# Who has the most Fights/Wins?



## phlaw (Apr 27, 2007)

I mam curious what fighter has the most fights and most wins in the world of MMA.

I was looking on Fullcontactfighter.com and I did find.

Travis "The Ironman" Fulton.

Pro Record: 199 wins, 42 losses and 8 Draws?

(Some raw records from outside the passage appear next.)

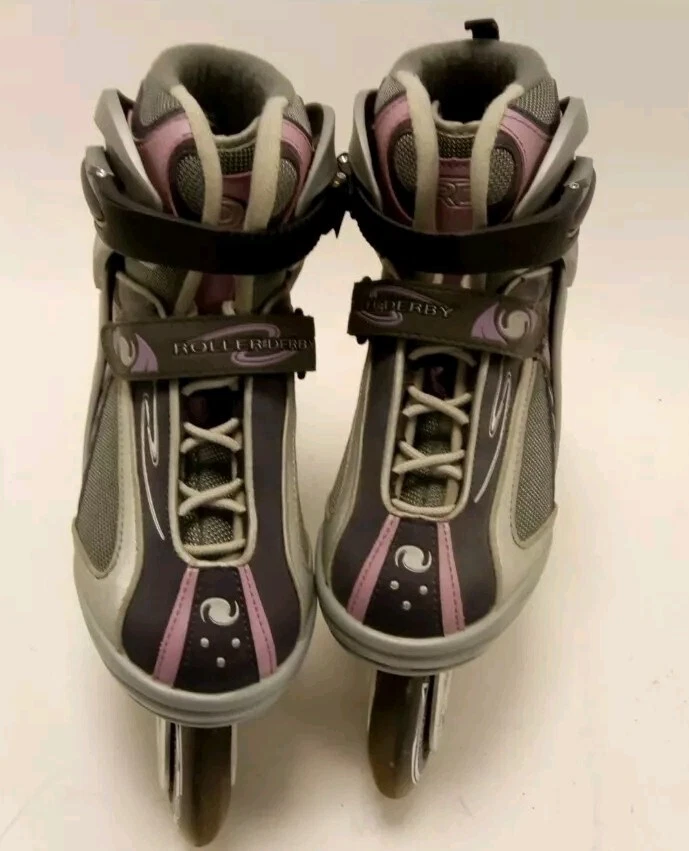 Women's Roller Derby Inline Skates Boots Size UK6 Purple Grey VGC SEE SAS - Image 2 of 4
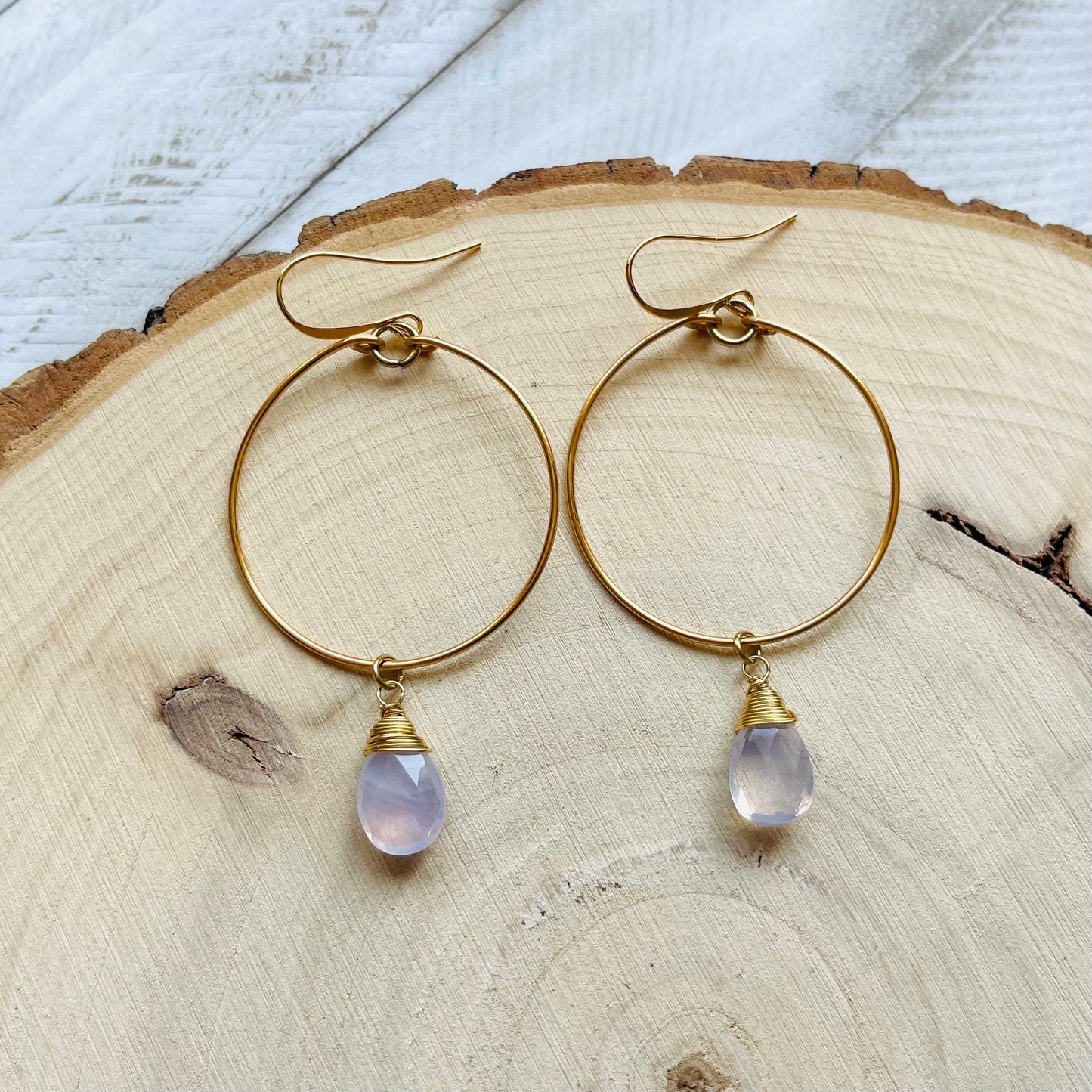Amethyst Hoop Earrings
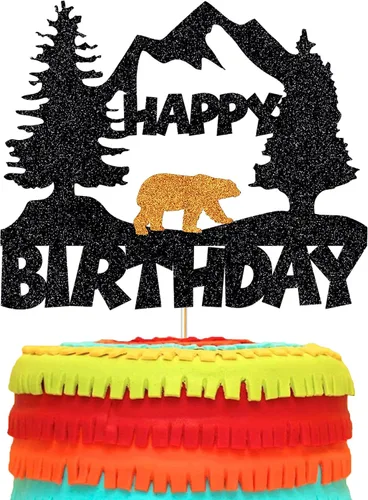 Vista 2 de Decoración de pastel de oso para decoración de fiesta de cumpleaños, suministros de fotos, decoración de pastel de feliz cumpleaños con purpurina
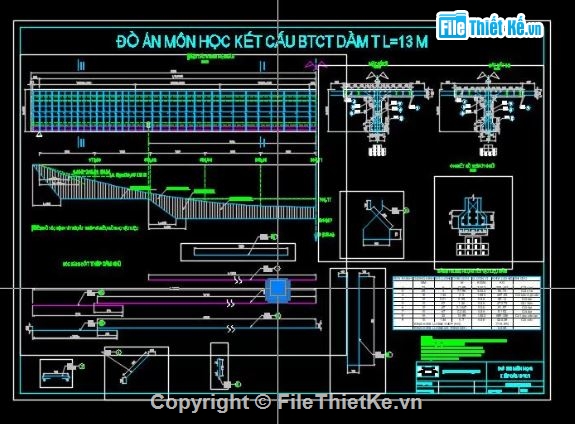 đồ án BTCT 1,Đồ án BTCT,Dầm T L=13m No3
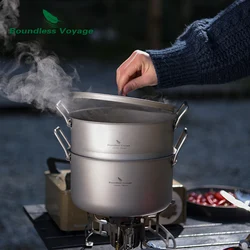 Boundless Voyage Titanium Steam Pot Compact Food Steamer Pan Camping Pot Outdoor Cookware Lightweight Portable Hiking Saucepan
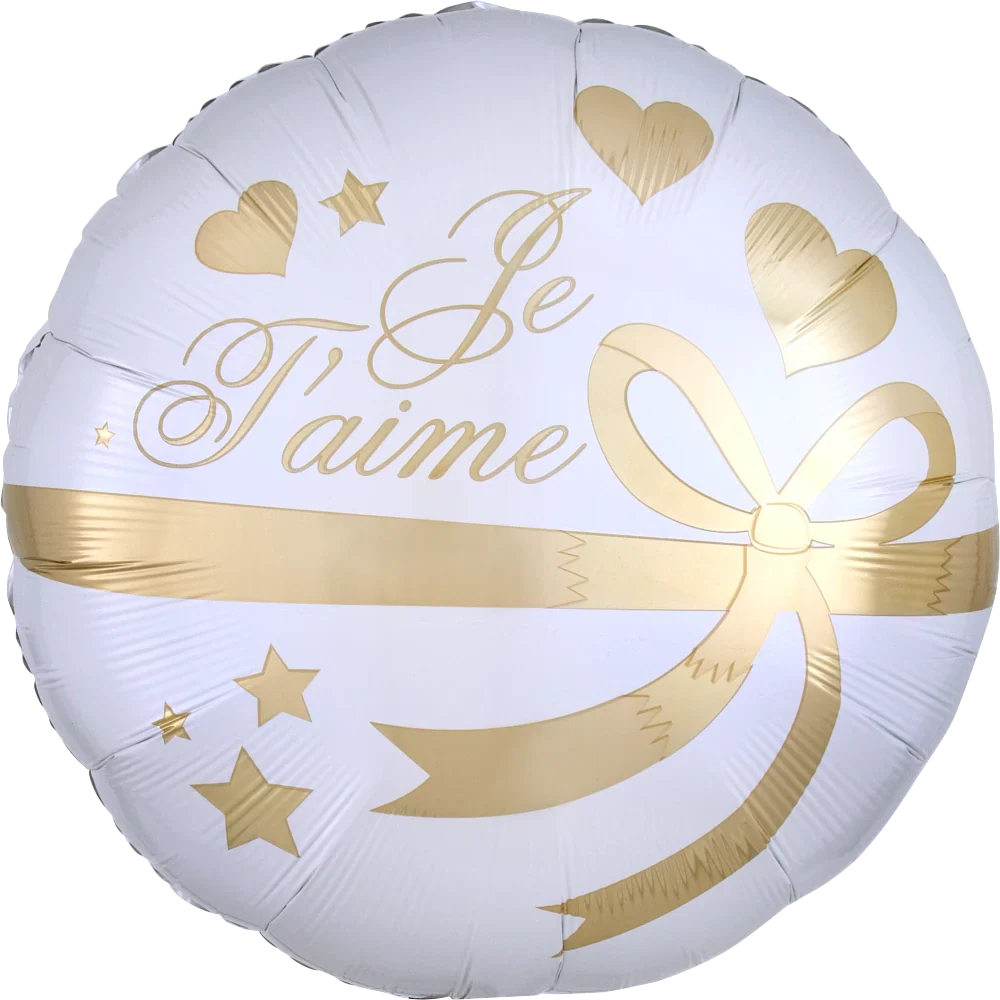 28" Jumbo Je T'aime Wrapped With Gold Balloon Packaged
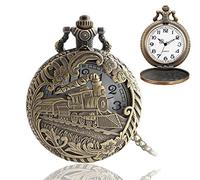 SBJKLYRN Pocket Watch, 3D Steam Train Pocket Watch Classical Sculptured Quartz with Short Chain for Men Women, Gift Birthday Anniversary Day Christmas Fathers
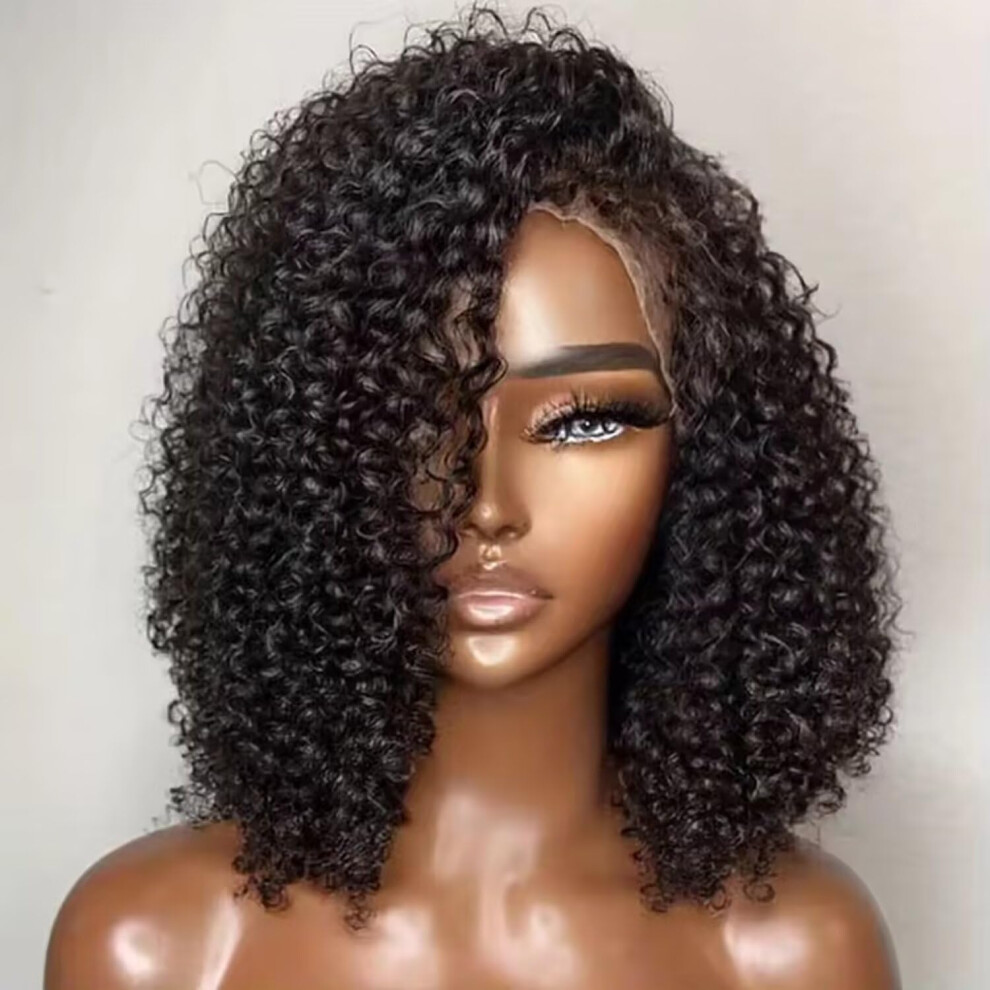 8 Inch Brazilian Curly Human Hair Lace Front Wig HD Transparent Glueless Pre Plucked 150% Density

I am guessing the Nickname has something do do with that.

Is this the most?  

Thanks


----------



## Kenpojujitsu3 (Apr 27, 2007)

phlaw said:


> I mam curious what fighter has the most fights and most wins in the world of MMA.
> 
> I was looking on Fullcontactfighter.com and I did find.
> 
> ...


 
Yes "The Ironman" has been around since the beginning and fights more in a year than most do in a career.  He fights in alot of the smaller shows and had a few UFC appearances but lost.  He also has the most subs and the KO's if I remember correctly.  If they ever do a legitimate MMA hall of fame he has to be in just for fighting so much and in so many places helping the sport grow.  Check Sherdog's stats for most subs, most KO's, most armbar's, etc.


----------



## EternalSpringtime (Apr 28, 2007)

phlaw said:


> I mam curious what fighter has the most fights and most wins in the world of MMA.
> 
> I was looking on Fullcontactfighter.com and I did find.
> 
> ...


 
Most fights I don't know, maybe Rickson. I remember he had more than 400 brawls in his life, but mostly street fights in Brazil. Many says that it's not true, but I believe that Rickson can beat anybody who would give him trouble in the street. I trained in his school for a while and It was great.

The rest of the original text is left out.